What intrigued me even further and inspired me to write about this specific passage was March’s conclusion to her speech, admitting that the story of the stealthy ruler and the elderly woman was in fact an Aesop fable in which all things are supposed to represent some truth in life. However she notes that this fable was from back in the days when Stalin was in power and she challenges the crowd to apply this fable to the 21st century.
Pynchon is meticulous in his describing of the fable, taking almost two entire pages to describe it in detail. In doing so, it is evident that Pynchon wants us as readers to consider how each piece in this fable applies to the 21st century. By diagnosing the metaphors in this fable in the scope of the 21st century, we delve into what Pynchon believes to be the truths in technology and the modern era.

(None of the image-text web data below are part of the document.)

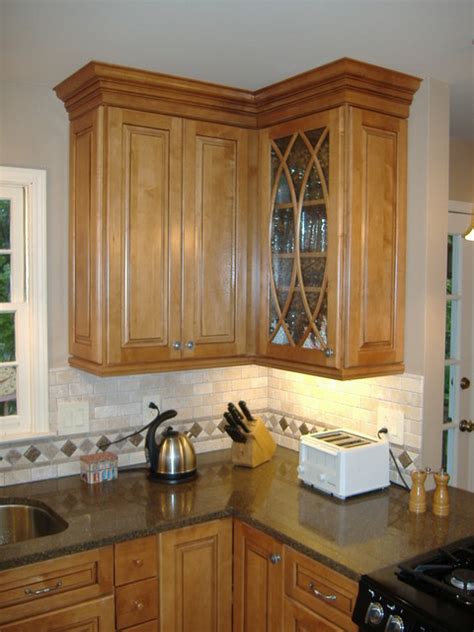 Montclair Maple Square Door Style In Ginger With Sable Glaze By Kraftmaid Traditional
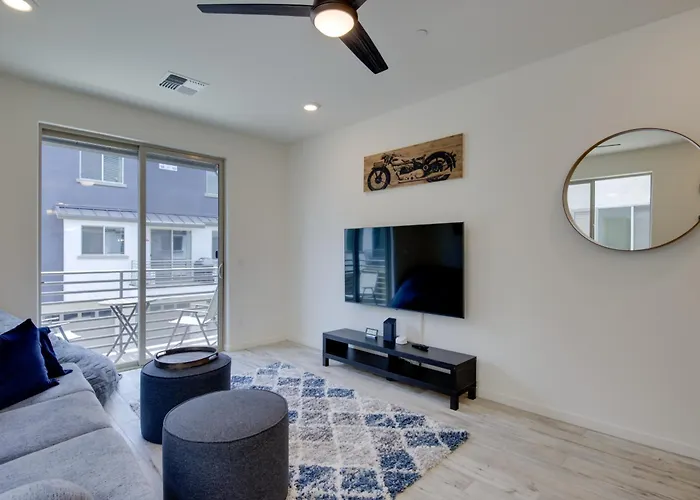 1 Mi To Intel Campus! Townhome W/ Pools Сasa de vacaciones Chandler
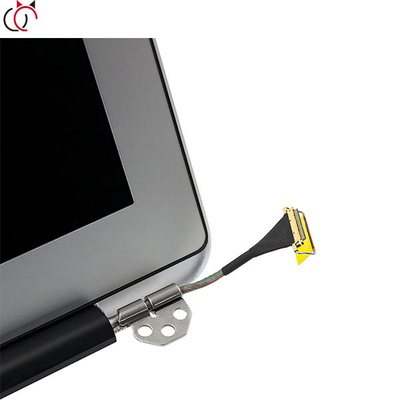 O Macbook Air de prata indica o conjunto A1466 MD760 MJVE2 MQD32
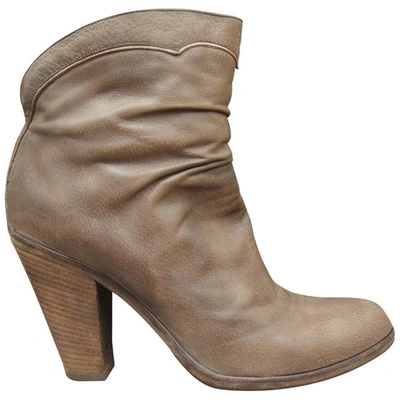 Pre-owned Sartore Leather Ankle Boots In Beige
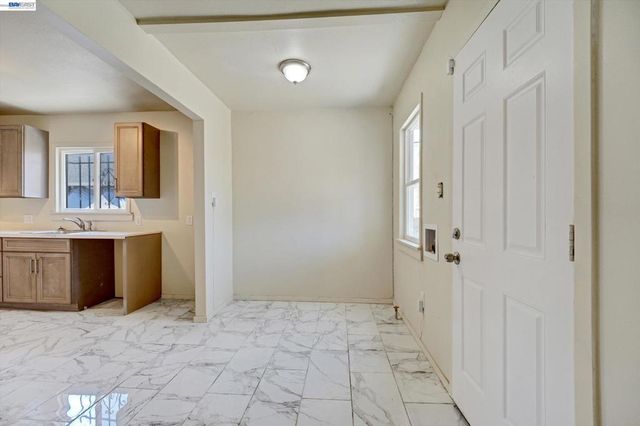 1707 73Rd Ave, Oakland, CA 94621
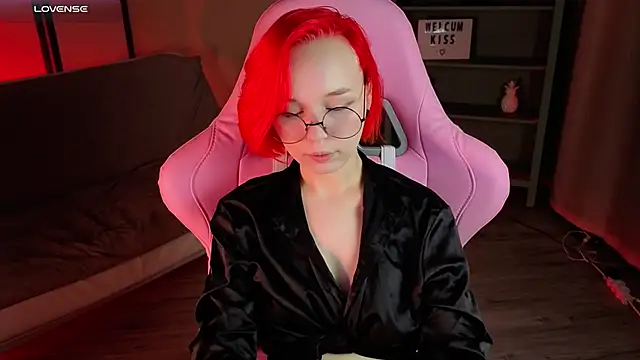 NaomiYoru online show from 9, 9, 2025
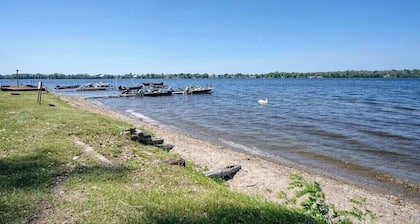 Lake Consecon Resort Cottage #2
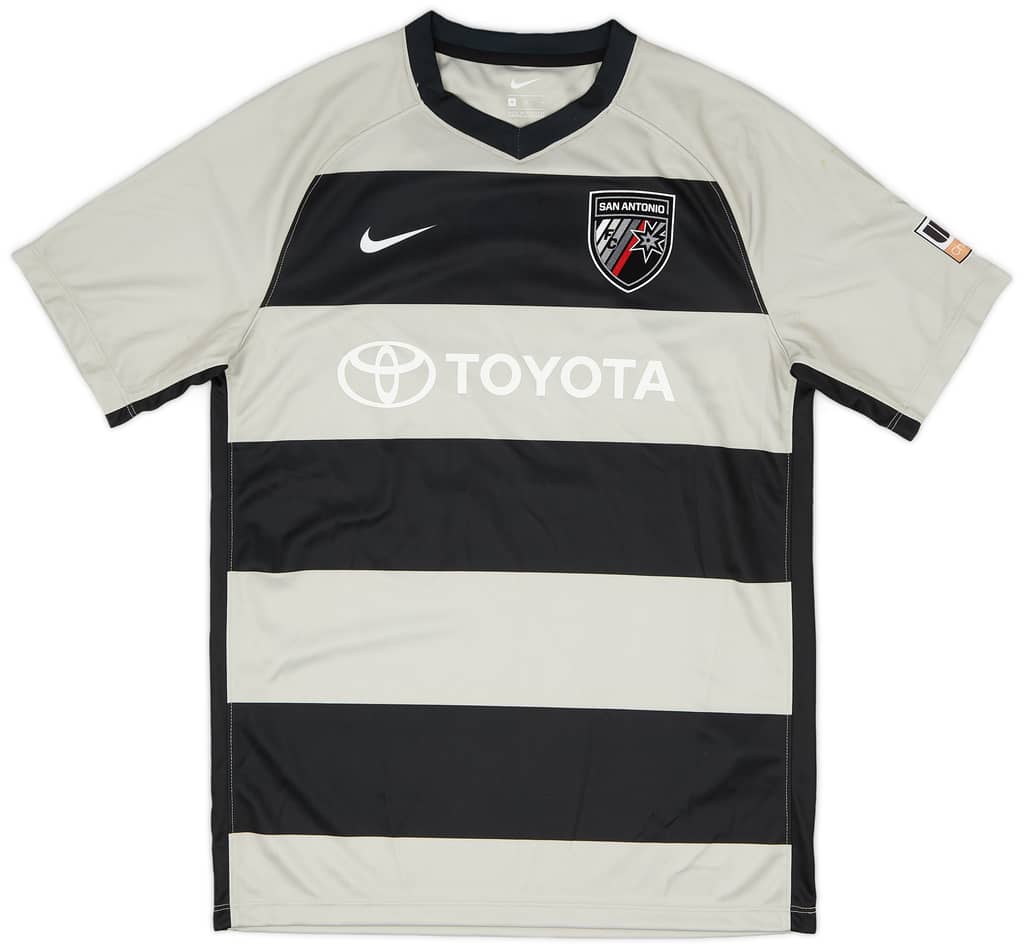 2019 San Antonio Match Issue Third Shirt Barmby #11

While it is unmistakeable that Pynchon’s use of the fable is to tell us what he thinks of the 21st century, it is more difficult to correctly diagnose what each aspect of the fable represents. March concludes her speech by asking the audience, “Who is this old lady? What does she think she’s been finding out all these years? Who is this ‘ruler’ shes’s refusing to be bought off by? And what’s this ‘work’ he was ‘doing in secret’?”. The parallel I drew for the stealthy ruler was the corrupted soul protected by the anonymity of the Internet willing to achieve its goals by any means necessary, while the elderly woman represented the incorruptible individuals with the strength to combat those who would bribe and cheat their way in this world.